Dépendance physique et désorientation ou incohérence vont souvent de pair, surtout en établissement. Ainsi, en institution, les deux tiers des personnes confinées au lit ou au fauteuil présentent également une dépendance psychique, c'est le cas de la moitié de celles qui vivent à domicile. Une personne est ici dite dépendante psychiquement si elle est totalement incohérente, toujours désorientée, ou partiellement incohérente et parfois désorientée.

Pour les degrés de dépendance physique moindres, le cumul avec une dépendance psychique est plus rare, mais encore majoritaire pour les personnes hébergées en institution. Parmi les personnes aidées pour la toilette et l'habillage mais non confinées au lit ou au fauteuil, un quart de celles qui résident à domicile sont ainsi dépendantes psychiquement, contre 63 % de celles hébergées en institution.

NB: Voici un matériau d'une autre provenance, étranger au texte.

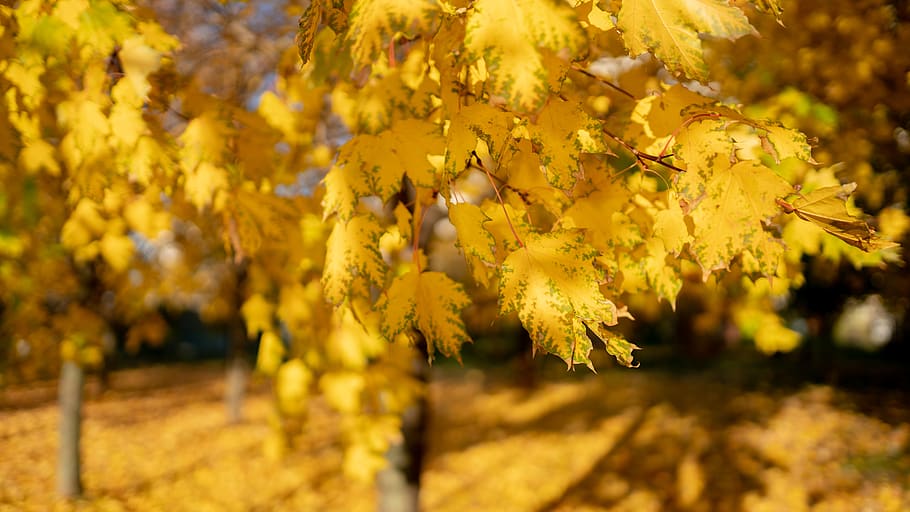 yellow leafed tree, flora, plant, mimosa, blossom, flower, conifer HD wallpaper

* 1 Mme Elisabeth Guigou, ministre de l'Emploi et de la Solidarité, JO Débats AN, p. 2031.

* 2 Ibidem, p. 2001.

* 3 Ibidem, p. 2029.

* 4 Ibidem, p. 2002.

* 5 Ibidem, p. 2029.

* 6 Ibidem, p. 2029.

* 7 La Tribune, 19 avril 2001.

* 8 Source : DREES, Etudes et Résultats, n° 94, décembre 2000, « Le nombre de personnes âgées dépendantes d'après l'enquête Handicaps-incapacité-dépendance ».

* 9 L'enquête HID à domicile comprend, comme toutes les enquêtes ménages de l'INSEE, les logements-foyers, considérés comme des logements autonomes, sans que l'on puisse les isoler.